The Blue Ribbon College Football Yearbook previews the 2008 Virginia Cavaliers, exclusively on Insider.

Originally Published: July 10, 2008
Blue Ribbon College Football Yearbook

Editor's Note: ESPN Insider has teamed with Blue Ribbon College Football Yearbook to provide a comprehensive look at the Division I-A teams.
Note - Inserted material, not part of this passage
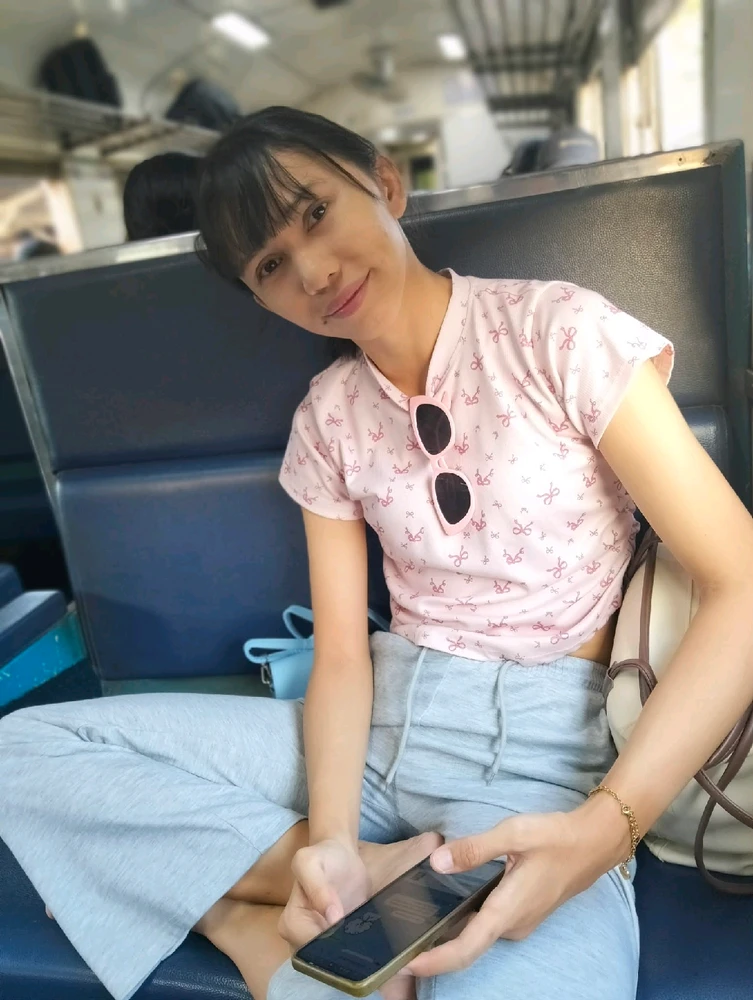 GIF อัปโหลดโดย Linly thai woman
To order the complete 2008 edition of Blue Ribbon College Football Yearbook, visit www.blueribbonyearbook.com or call 1-866-805-BALL (2255).

(All information as of June 20, 2008)

COACH AND PROGRAM

The magical fairy dust sprinkled all over the 2007 Virginia football season was just settling when the Cavaliers started getting jolted back into reality.

The Cardiac Cavaliers ended the regular season with yet another loss to arch rival Virginia Tech, their fourth in a row and eighth in the last nine seasons, and then a layoff of more than a month until the Gator Bowl seemed to further waylay the Wahoo's wah in a disappointing 31-28 loss to Texas Tech that saw Virginia blow a 14-point fourth-quarter lead.

In the weeks leading up to the bowl game, valuable kick returner Andrew Pearman was sent home because of behavioral issues and emerging star runner Mikell Simpson wasn't cleared to play until the last minute because of an academic problem -- both precursors of problems that would dominate team news in the offseason.

It was enough to take some of the feel-good luster off an amazing year. The Cavaliers, forecast for a fourth-place finish in the ACC, actually finished second in the Coastal Division and set an NCAA record by winning five games by one or two points. It was a testament to resiliency and teamwork, the Cavaliers getting their major star-power and an unparalleled percentage of their big plays from a defensive end, Chris Long.

But Long is now gone -- he was the No. 2 pick in the April NFL draft by the St. Louis Rams -- as is quarterback Jameel Sewell, who started 23 consecutive games and fueled so many of those key late-game drives. Sewell was an academic casualty, gone before spring practices and opening the door on a full-scale quarterback search among three largely unproven commodities.